I’d also like to make a signigicant donation all the democratic primary campaigns for the Rowan County County Clerk (knock her out of the party’s candidate) and to the Democratic and Republican candidates for the same office in the general election (assuming she tries to run as an independent). Anything to eject her from that position of trust.

6 Likes

Is there anyone out there totaling the cost of all these legal bills these uncivil servants run up? If I was in her district, I’d be pretty pissed to know how much she was costing me as a taxpayer.

8 Likes

I don’ t know if the cost is reasonable but I can see the motive for not sending electronic documents.

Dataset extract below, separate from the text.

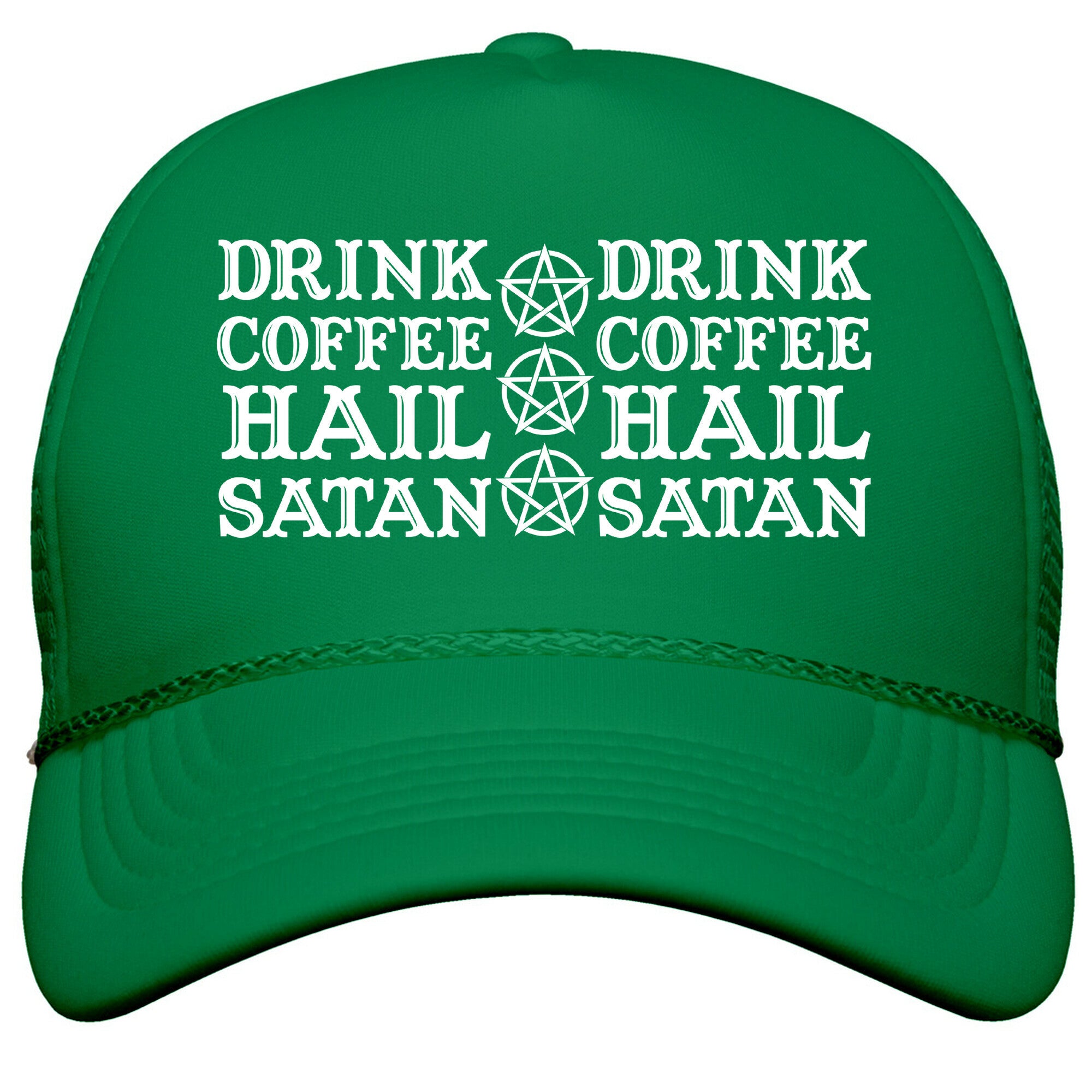 Drink Coffee, Hail Satan Snapback Trucker Hat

Electronic docs are notorious for meta-data, if you forward 6000 emails who knows what attachments with confidential information you’re attaching? If you print & scan you can be assured that you’re only sending what you intend to send.

3 Likes

As a qualified ITologist; I say unto thee that he who casts a digital document into the fallen analog world only to re-digitize it shall, without recourse, be consigned unto the special hell forever.

22 Likes

All I can say is I am glad I don’t have a job where random people can request to see all of my email. Not excusing Kim Davis: when you sign up to be a public servant, that is part of the deal, but I am glad I don’t have to worry about that.

4 Likes

Hate to break it to you but if and when your company gets sued (and in America with the majority of the world’s lawyers, it’s when) there’s a great chance random people will be reading your emails.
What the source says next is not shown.